*** Provided records ***

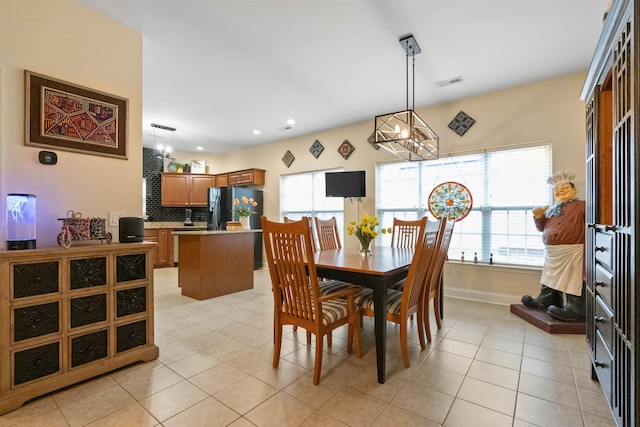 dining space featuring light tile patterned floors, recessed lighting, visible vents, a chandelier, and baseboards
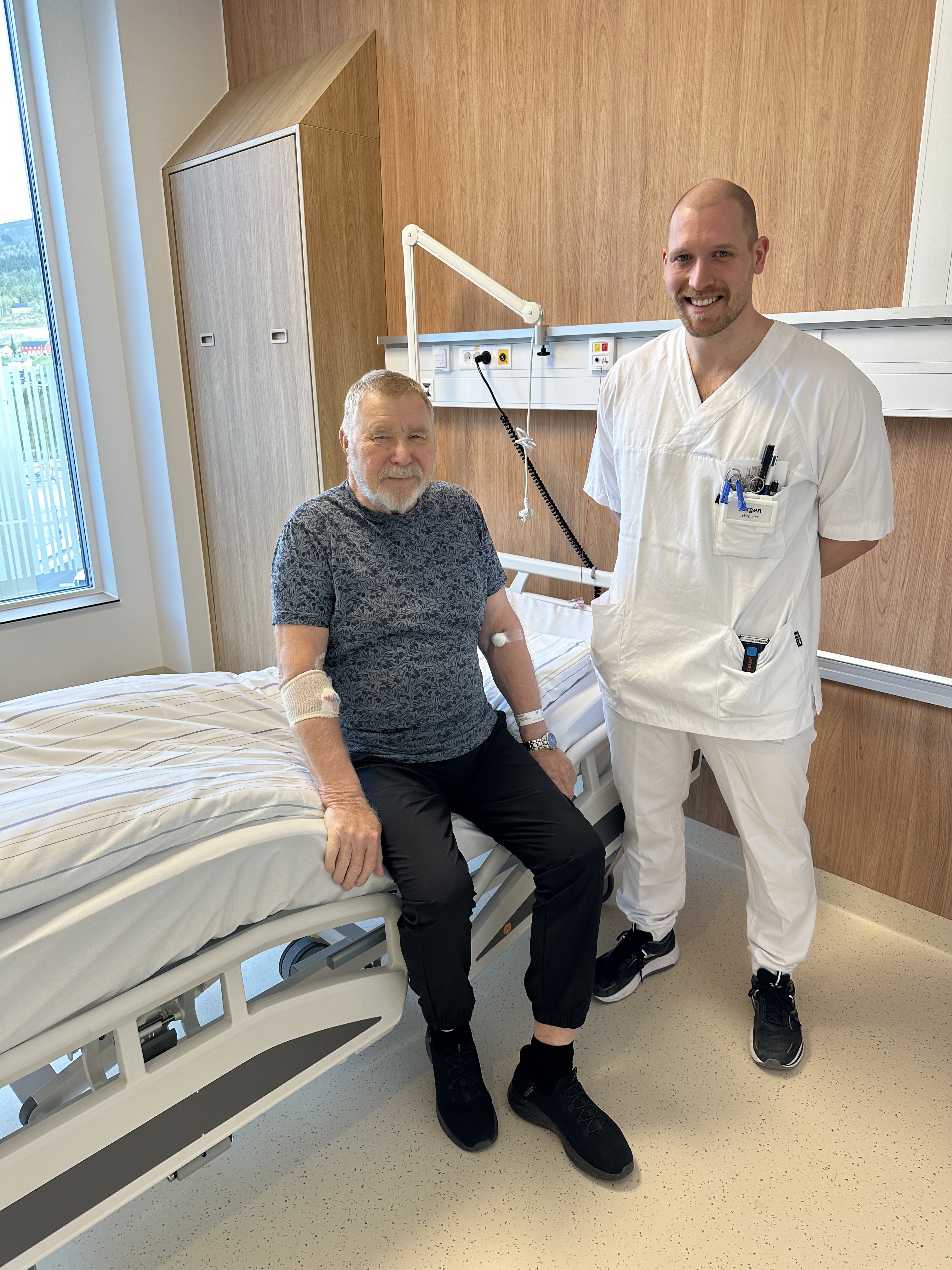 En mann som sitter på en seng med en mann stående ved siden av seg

*** End of Provided records ***
*** Provided records ***

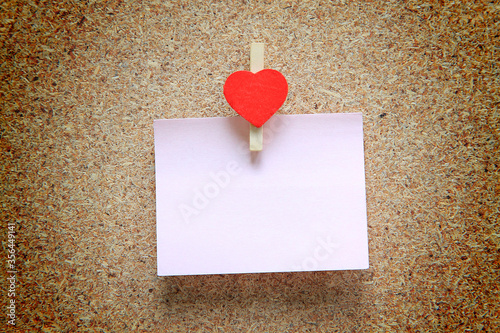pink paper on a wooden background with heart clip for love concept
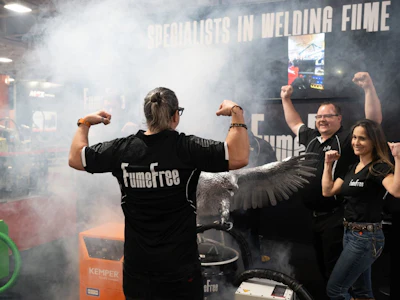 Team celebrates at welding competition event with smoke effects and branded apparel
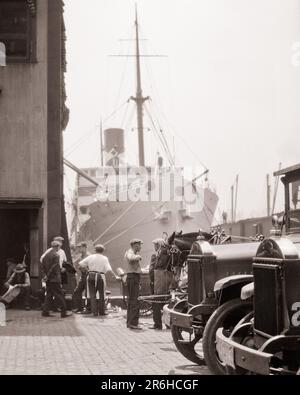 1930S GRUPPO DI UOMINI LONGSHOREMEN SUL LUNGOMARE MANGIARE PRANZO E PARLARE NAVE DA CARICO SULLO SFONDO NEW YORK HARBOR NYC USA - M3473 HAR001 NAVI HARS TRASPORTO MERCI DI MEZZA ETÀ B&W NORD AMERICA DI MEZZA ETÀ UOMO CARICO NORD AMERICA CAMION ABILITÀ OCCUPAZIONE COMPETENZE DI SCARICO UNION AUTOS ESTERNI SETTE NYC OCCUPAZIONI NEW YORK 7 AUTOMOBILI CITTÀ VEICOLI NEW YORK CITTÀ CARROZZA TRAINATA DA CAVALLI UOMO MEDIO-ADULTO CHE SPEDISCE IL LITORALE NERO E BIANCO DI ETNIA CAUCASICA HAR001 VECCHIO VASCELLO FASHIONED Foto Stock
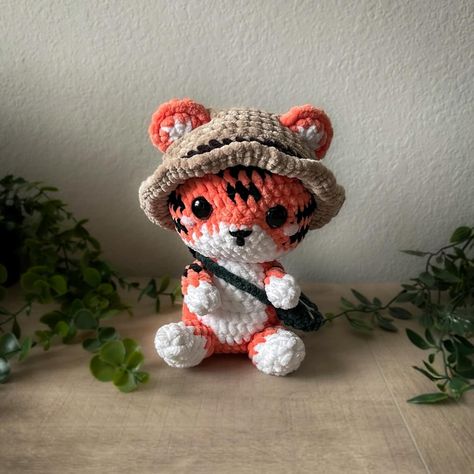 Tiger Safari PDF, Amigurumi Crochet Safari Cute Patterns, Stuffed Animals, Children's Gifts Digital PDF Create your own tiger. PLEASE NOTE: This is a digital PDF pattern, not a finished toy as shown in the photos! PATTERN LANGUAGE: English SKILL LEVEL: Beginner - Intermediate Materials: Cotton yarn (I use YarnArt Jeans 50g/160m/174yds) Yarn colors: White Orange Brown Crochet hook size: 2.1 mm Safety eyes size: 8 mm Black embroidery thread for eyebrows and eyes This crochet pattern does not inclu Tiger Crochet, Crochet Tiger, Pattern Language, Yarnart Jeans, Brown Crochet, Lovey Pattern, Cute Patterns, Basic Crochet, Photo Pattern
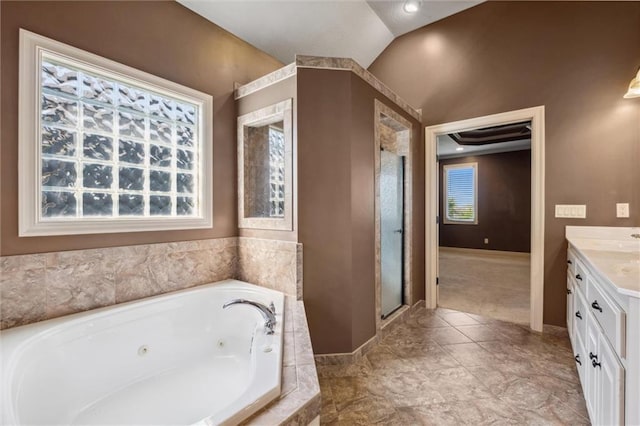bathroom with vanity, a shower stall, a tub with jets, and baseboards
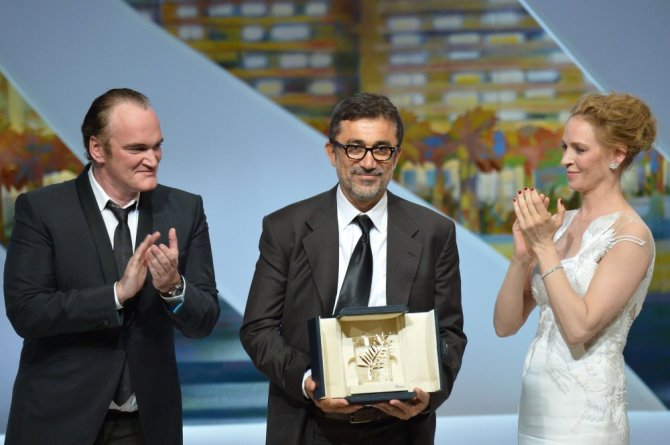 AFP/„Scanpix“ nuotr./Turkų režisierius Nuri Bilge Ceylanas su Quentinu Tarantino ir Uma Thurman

*** End of Provided records ***

- **Problem to solve**: Take the material above from the line containing "dining space featuring" up to and including the line containing "En mann som" and retype it exactly, without any pictures.

- **Task response**:
 dining space featuring light tile patterned floors, recessed lighting, visible vents, a chandelier, and baseboards
 En mann som sitter på en seng med en mann stående ved siden av seg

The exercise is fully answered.